TASK REQUIREMENTS: In the data below, begin at the line with "thumbnail image 3" and stop after the line with "90% Silver Barber Half Dollars ($10: 90%"; output those lines exactly and no pictures.

DATA PROVIDED:
###
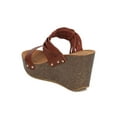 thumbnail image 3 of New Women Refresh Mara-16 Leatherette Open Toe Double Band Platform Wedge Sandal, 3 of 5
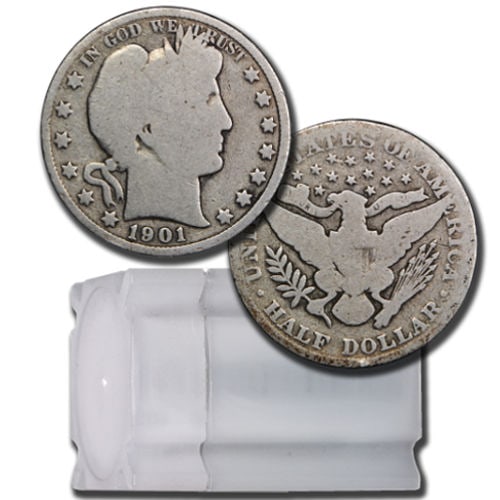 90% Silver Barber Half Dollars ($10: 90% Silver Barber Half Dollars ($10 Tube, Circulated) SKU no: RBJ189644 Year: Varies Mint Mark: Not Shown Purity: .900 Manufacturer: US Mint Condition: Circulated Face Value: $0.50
###
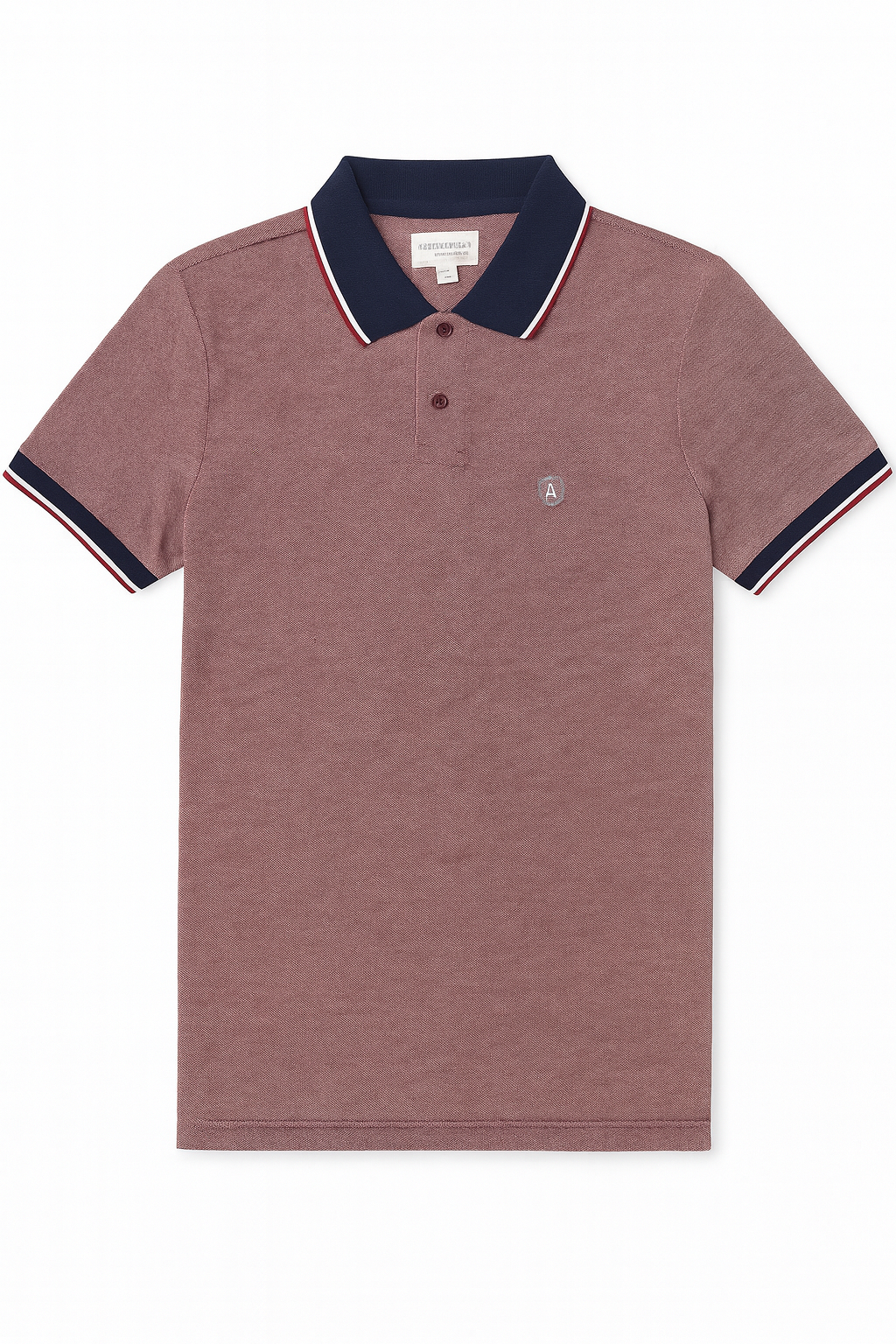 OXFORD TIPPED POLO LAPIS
###
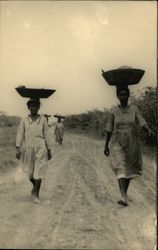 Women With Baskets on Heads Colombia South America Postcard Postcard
###
EXERCISE RESPONSE:
 thumbnail image 3 of New Women Refresh Mara-16 Leatherette Open Toe Double Band Platform Wedge Sandal, 3 of 5
 90% Silver Barber Half Dollars ($10: 90% Silver Barber Half Dollars ($10 Tube, Circulated) SKU no: RBJ189644 Year: Varies Mint Mark: Not Shown Purity: .900 Manufacturer: US Mint Condition: Circulated Face Value: $0.50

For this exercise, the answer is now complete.